#### MATERIAL TO PROCESS
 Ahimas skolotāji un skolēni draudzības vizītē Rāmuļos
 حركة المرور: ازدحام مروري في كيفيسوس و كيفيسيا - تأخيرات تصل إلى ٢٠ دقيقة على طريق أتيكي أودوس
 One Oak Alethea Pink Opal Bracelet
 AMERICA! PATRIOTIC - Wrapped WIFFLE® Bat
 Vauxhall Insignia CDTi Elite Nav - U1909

* * *

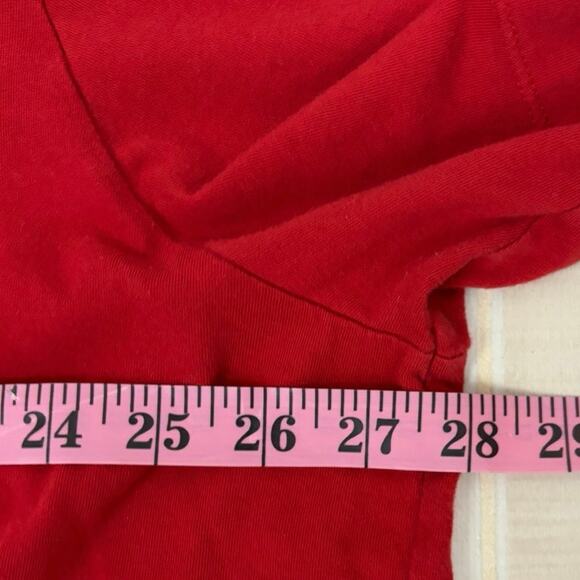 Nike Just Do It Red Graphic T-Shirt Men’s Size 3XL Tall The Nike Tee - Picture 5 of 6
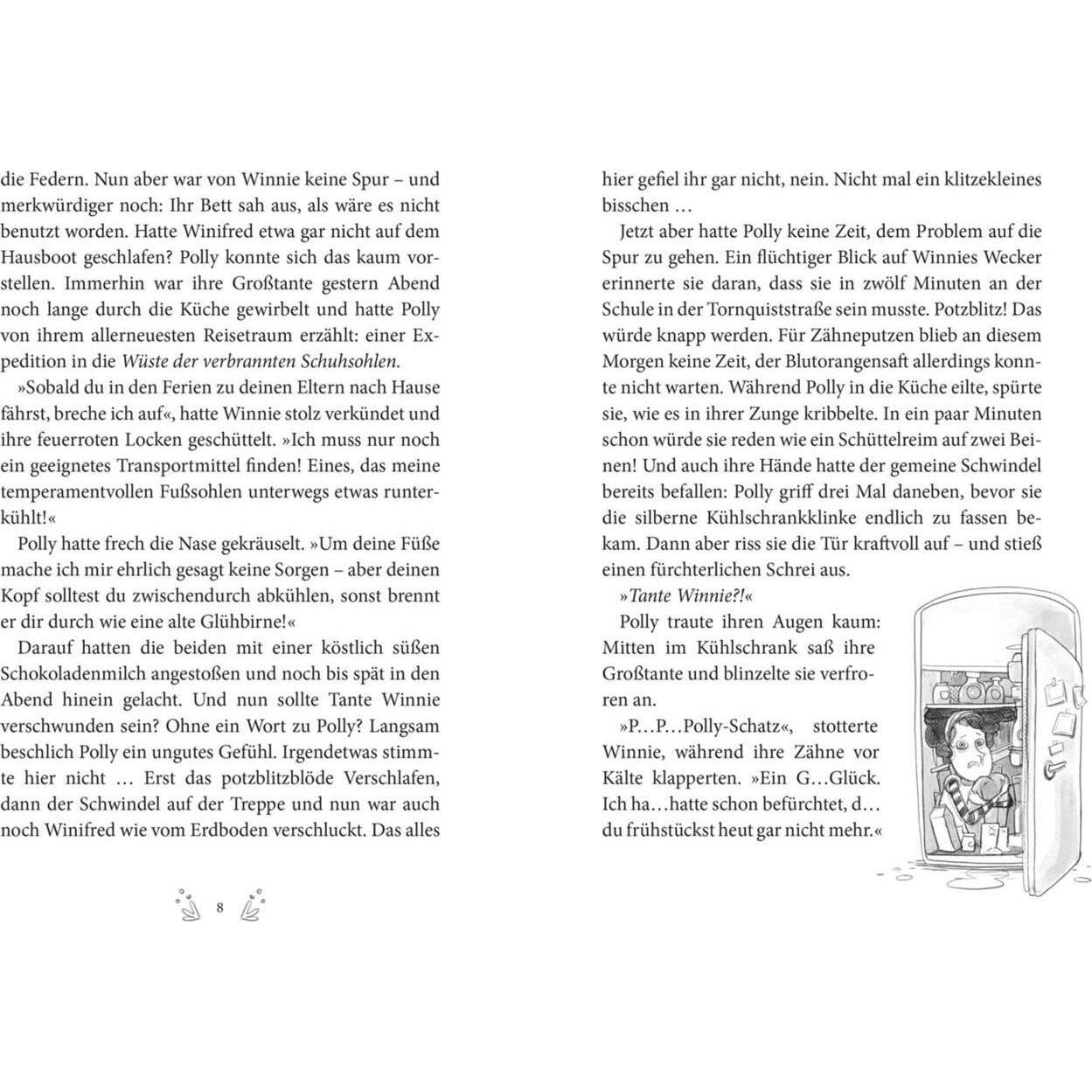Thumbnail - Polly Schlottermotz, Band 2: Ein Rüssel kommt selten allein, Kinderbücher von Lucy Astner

---

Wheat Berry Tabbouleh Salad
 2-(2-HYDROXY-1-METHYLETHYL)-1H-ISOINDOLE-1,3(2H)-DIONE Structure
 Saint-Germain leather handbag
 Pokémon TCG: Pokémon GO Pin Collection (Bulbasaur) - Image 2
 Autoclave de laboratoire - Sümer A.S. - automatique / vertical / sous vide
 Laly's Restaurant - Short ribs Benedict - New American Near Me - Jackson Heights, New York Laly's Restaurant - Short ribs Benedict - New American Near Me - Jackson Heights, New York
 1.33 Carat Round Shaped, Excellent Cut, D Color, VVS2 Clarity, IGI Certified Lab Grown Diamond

#### YOUR OBJECTIVE
What are the lines above, starting at the one with "AMERICA! PATRIOTIC - Wrapped WIFFLE® Bat" and ending at the one with "Vauxhall Insignia CDTi Elite Nav - U1909"? Give them again exactly, and only them.

#### REPLY TO THE EXERCISE
 AMERICA! PATRIOTIC - Wrapped WIFFLE® Bat
 Vauxhall Insignia CDTi Elite Nav - U1909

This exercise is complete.